Is Canon late to the 5-megapixel party by releasing its swanky $1799 PowerShot G3 with the same 4-megapixel resolution as its predecessor, the PowerShot G2?
Certainly resolution isn’t the be-all and end-all for digital cameras, but it’s an important differentiator in a competitive field. And Minolta, Nikon, Olympus and Sony all offer high-end 5-megapixel cameras.
Perhaps Canon’s just fashionably late. The G3 doesn’t have the big resolution, but it’s a sophisticated camera that takes stunning pictures. One reason for this is that it steps out with upgrades, including a new 12-bit analog-to-digital converter, which is supposed to provide better colour depth than the G2’s 10-bit converter. That’s important because the older G2 returned among the best output scores of any camera we’ve tested.
The G3 has a 4X optical zoom lens (up from 3X), a faster maximum shutter speed (1/2000th second versus 1/1000th second), and a more sophisticated flash system with nine different modes — you can even adjust the flash output manually. Don’t fire the flash with the lens at its widest setting, though, for the lens barrel casts a noticeable shadow in a corner of your images.

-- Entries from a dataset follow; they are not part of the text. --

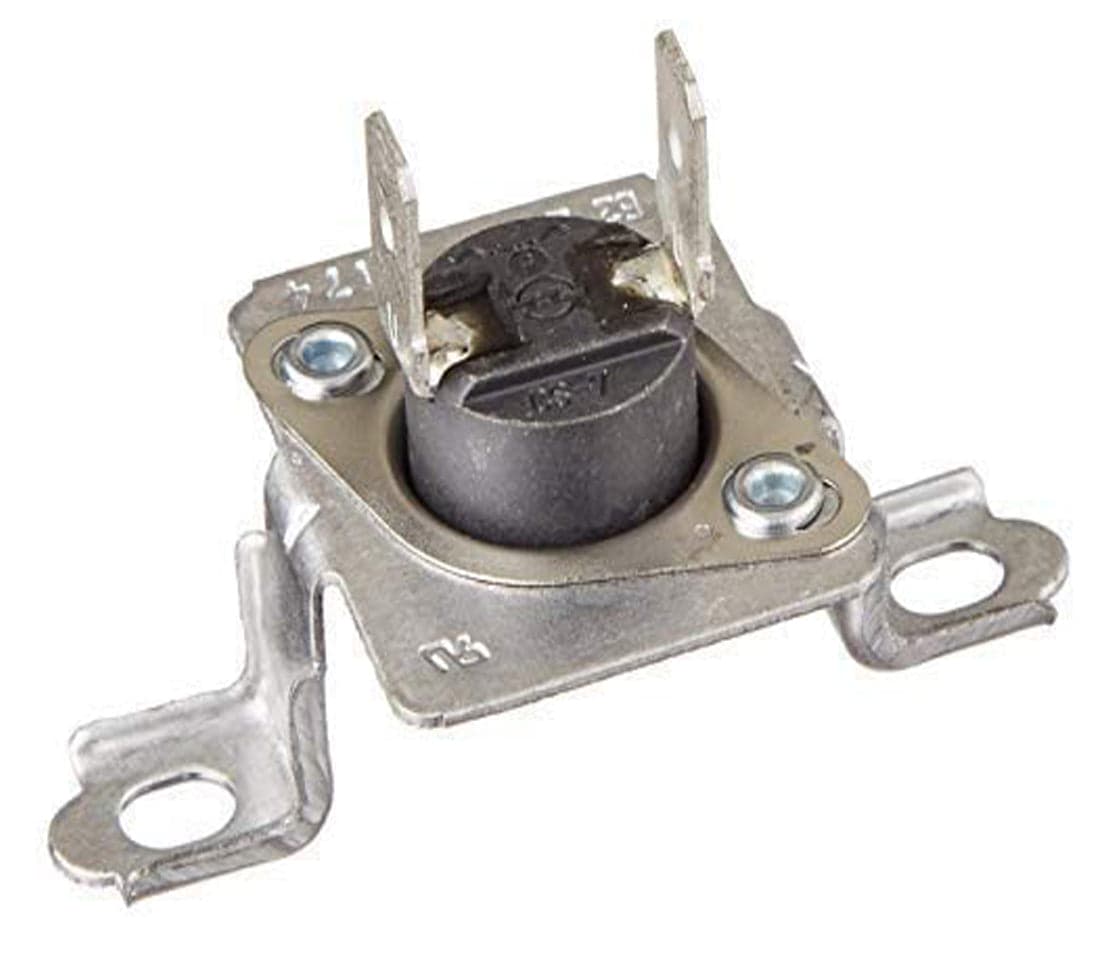 Frigidaire 137539200 Dryer Thermal Limiter Replacement - Thumbnail 3
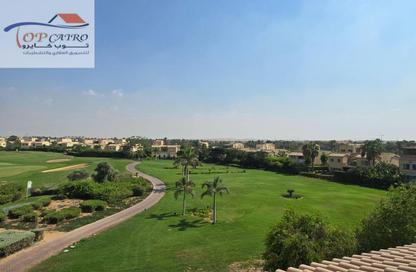 Villa - 7 Bedrooms - 6 Bathrooms for sale in Madinaty - Cairo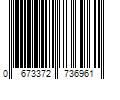 Barcode Image for UPC code 0673372736961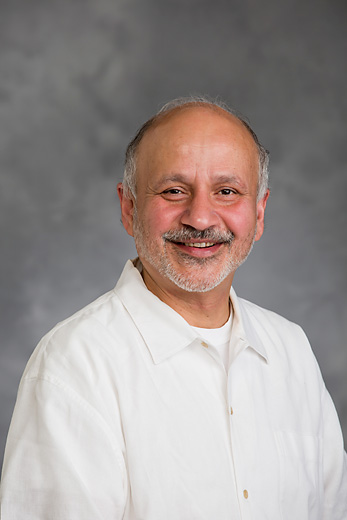 Gautam Kaul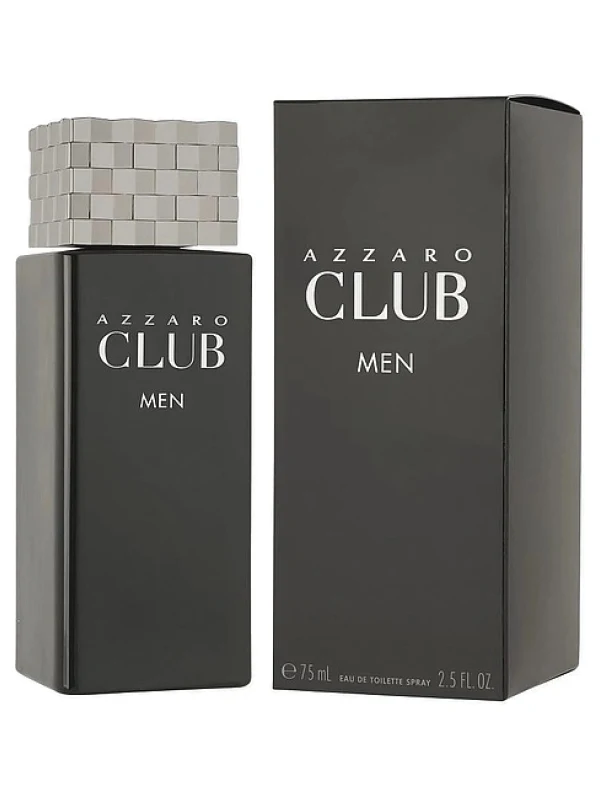 Loris Azzaro — Loris Azzaro Azzaro Club Men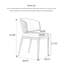 Chaise simple haut de gamme pour le salon et la salle à manger-467634646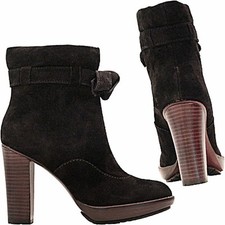 PAUL SMITH stivaletto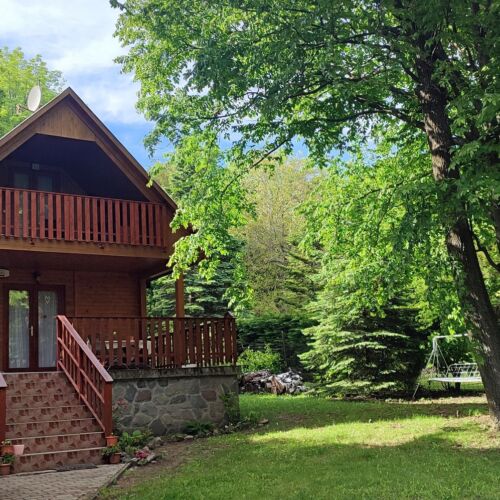 Vida Vendégház Dobogókő 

Canon says the G3 takes less time to recover between shots than the old model. It’s certainly not lethargic, but other cameras — notably, the Leica Digilux 1 and several Fujifilm units — seem quicker. I wouldn’t complain if the G3’s zoom were faster, too.
In brief: Canon PowerShot G3
The PowerShot G3 takes some of the best pictures of any digital camera, but there’s still room for improvement.